I'm sitting here right now surrounded by half a dozen panoramic windows as I overlook one of the most stunning sights I have ever seen. I have the privilege of living in Queenstown in New Zealand. If you've been here before then you'll know that I'm greeted by the sight of the Remarkables Mountain Range (named as such because they are one of only 3 ranges in the world that run from north to south); the Wakatipu lake sits at the feet of these mountains, rippling delicately as they reflect the ever-dynamic colours of the sky; and rolling hillsides drenched in a coating of - what looks like - millions of Christmas trees. To top it all off, part of the sky looks like the cotton wool section in the chemist, only to be bizarrely contrasted with the other half looking like the sheets of a gunshot victim.
  Without sounding like an over-the-top environmentally friendly hippy or some brainwashed cult member I ask of you to cut down on watching the news and reading your papers. Yes, keep up to date on the goings on with the world, because ignorance isn't bliss, it's dangerous.
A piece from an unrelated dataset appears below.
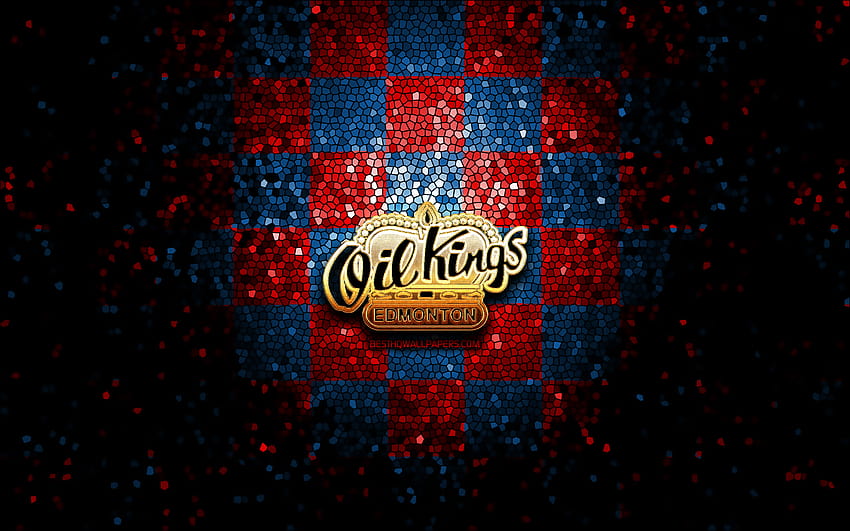 Edmonton Oil Kings, glitter logo, WHL, red blue checkered background, hockey, canadian hockey team, Edmonton Oil Kings logo, mosaic art, canadian hockey league with resolution 2880x1800. High Quality HD wallpaper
But take some days to indulge in your world, rather than someone elses that happens to be filled with tragedy at that time. Take some time to enjoy what you have around you, whether it's a concrete jungle or a real life jungle. Our world is amazing and there are so many good things going on around them. Make some impulsive actions once in a while; don't get caught up in your 9-5 all the time; and more what's more important than anything else: enjoy your time with your friends and family. Life can be all about campfires and marshmallows, you just have to change your perspective.

On that note, for food tonight, I'm going to indulge in the local delicacy: Fish and Chips.
Fan-bloody-tastic!

What has the world come to?

  I realised how pathetic I am today. What can I do in comparison to a majority of the public? A lot, to be quite honest. I'm well educated, well traveled and I'm a very athletic person. I've had a 9-5 job; I've  been face to face with the poverty and hard times that inner city kids have to deal with in America; I've dealt with the elderly knocking at death's door forgetting if they even LIKE tea, let alone whether they want it with their meal; Using hand gestures alone I've taught foreign people - who can't understand a word of English - how to safely use extreme sports equipments; I've looked after animals day in, day out as they drop dead all around you or are sold on as temporary crutches to settle an irate child.
I've been to 4 out of the 6 continents in the world; I'm not as well traveled as I'd like to be, but I've seen more than my a lot of my friends, much more than my siblings, countless times more than my parents and my grand parents can't even grasp the distances I've traveled.
I've had a "dance-off" in a hip-hop location against a black guy who's jeans were slung low and his hat turned the wrong way around and still won; I've walked through Harlem at 3am where there were no other white people around; I've been in a fight and won convincingly; I've been in a fight and lost convincingly.
  I know what I've done with my life and it's not enough. Not yet. There's so much more I want to do. I've not even finished the start of living my life. But given all of this information I can still say outright, "I am pathetic."
It's not an issue of self esteem, or confidence, or a damaged ego. It's a matter of fact.
  I look at my ancestors, granted I don't have vivid documents to peruse, but due to what anthropologists have told me our predecessors were:
- Clothing themselves without clothes shops, factories, sewing machines...hell, they didn't even had a thread and needle.
- Hunting and feeding themselves without farmers, abattoirs or Macdonalds.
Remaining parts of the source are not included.